Actress, trained chef and author, Tara Deshpande Tennebaum shares lip-smacking delicacies that she grew up on
Once every year my entire extended Mumbai family visited Malu Atya in Bandra for lunch. Malu atya was renowned for her Karwari cooking and this was an annual treat we all looked forward to. Lunch turned into tea turned into dinner and invariably we all stayed the night. We slept on sofas, mattresses; even dining tables were converted into beds. The menu at the far bottom of this page will explain why it was not humanly possible to drive home after one of her zabardast fish curries.

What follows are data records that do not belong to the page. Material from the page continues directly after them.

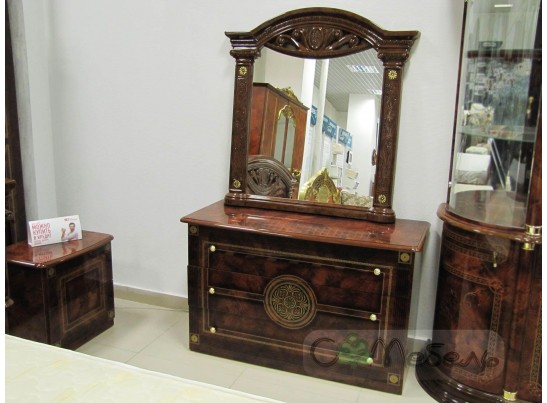 Спальня "Рома" (с 4-х дверным шкафом) орех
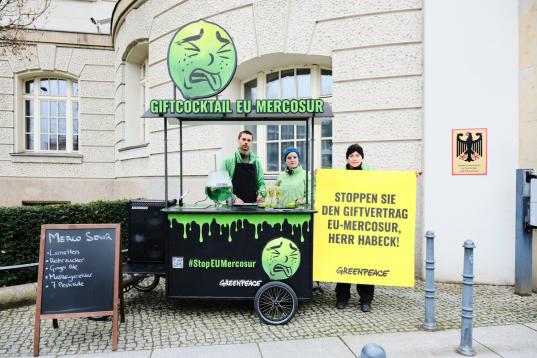 Greenpeace-Protest gegen Pestizide mit Cocktail Bar vor dem Wirtschaftsministerium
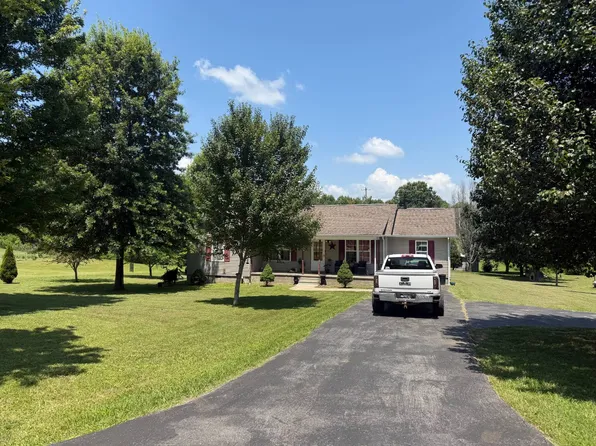 64 Lozano Rd, Albany, KY 42602
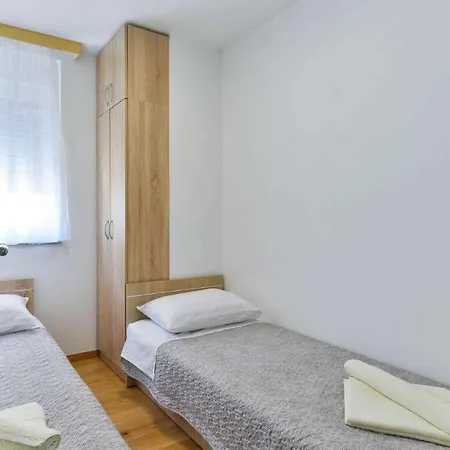 Modern Futura With Pool Villa *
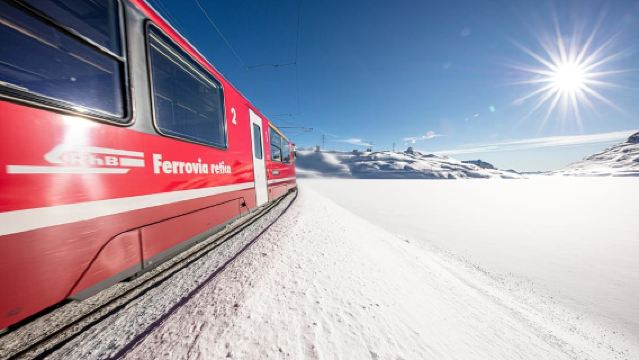 Da Milano: gita di un giorno sul treno del Bernina e a St. Moritz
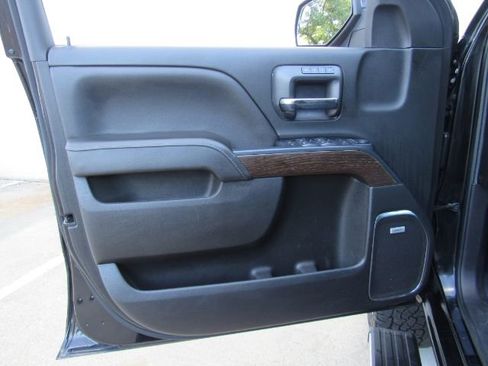 Used 2017 GMC Sierra 1500 Denali w/ Denali Ultimate Package image 11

India is a vast ocean of seafood curries, so what’s so unique about a curry from Karwar, a sleepy, ramshackle town that most people have never heard of? I will tell you, but first a little bit about Karwar. Karwar, in Uttara Kanara, Karnataka, is a port, two hours drive from Goa on the Konkan coast, once frequented by Arabs, Dutch, Portuguese and British.
The establishment of a nuclear power plant has cut off access to parts of the beach. My last visit was in April 2010, and I am happy to report the water is still blue and the sands of Devgarh Island still golden. Tourism is limited and domestic, unlike Goa. Karwar still has the charm of a hidden gem: quaint streets, sloppy shops and easy-going people. It is an unwritten tradition that a mid-day meal of crusty fried fish and curry is always followed by a siesta.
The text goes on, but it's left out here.